The countdown to the Wallpaper* Design Awards has begun and every day during the run-up to the awards ceremony we are presenting the shortlist for the ten International Judges' Awards, exclusively on Wallpaper.com. Day 2 sees the contenders for furniture designer of the year. All winners will be announced on the 11th of January.
Arik Levy
Paris-based industrial designer Arik Levy has been a regular on the design scene for a couple of decades, designing sofas and chairs
for big guns such as Vitra and Ligne Roset, but his recent collection
for Baleri Italia and his vases and ceramics for Turkish company Gaia & Gino have brought him firmly into the limelight.
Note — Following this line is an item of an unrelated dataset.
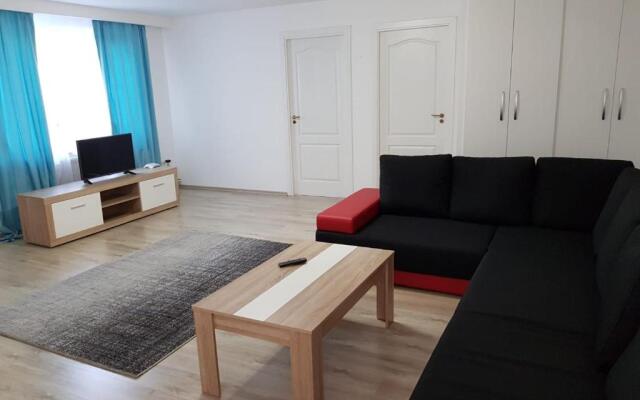 Apartament 8 Central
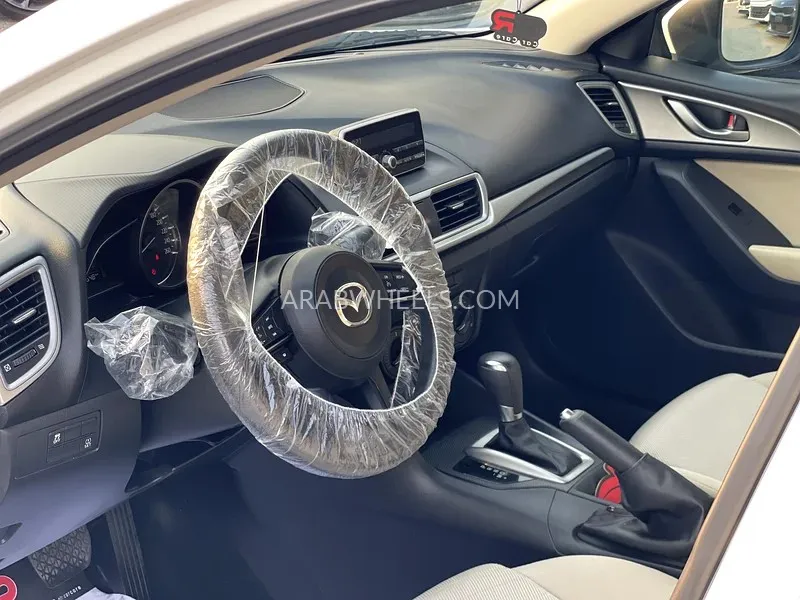 Mazda 3 2018 for Sale in Sharjah Image-3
With his company L Design, he likes nothing more than cribbing materials from unlikely industries and turning them into pieces of design.
www.ldesign.fr
Fredrikson Stallard
Since launching their company two years ago, Swedish designer Patrik Fredrikson and Brit Ian Stallard have made waves with their art-meets-design furniture and ceramics. The high-content,
high-concept pieces, such as their ‘Villosus’ porecelain vases with horsehair and the urethane rugs, are favourites with collectors and galleries. They are working on a collection for London’s David Gill Galleries and have created a piece for Pearl Lam’s Contrasts Gallery.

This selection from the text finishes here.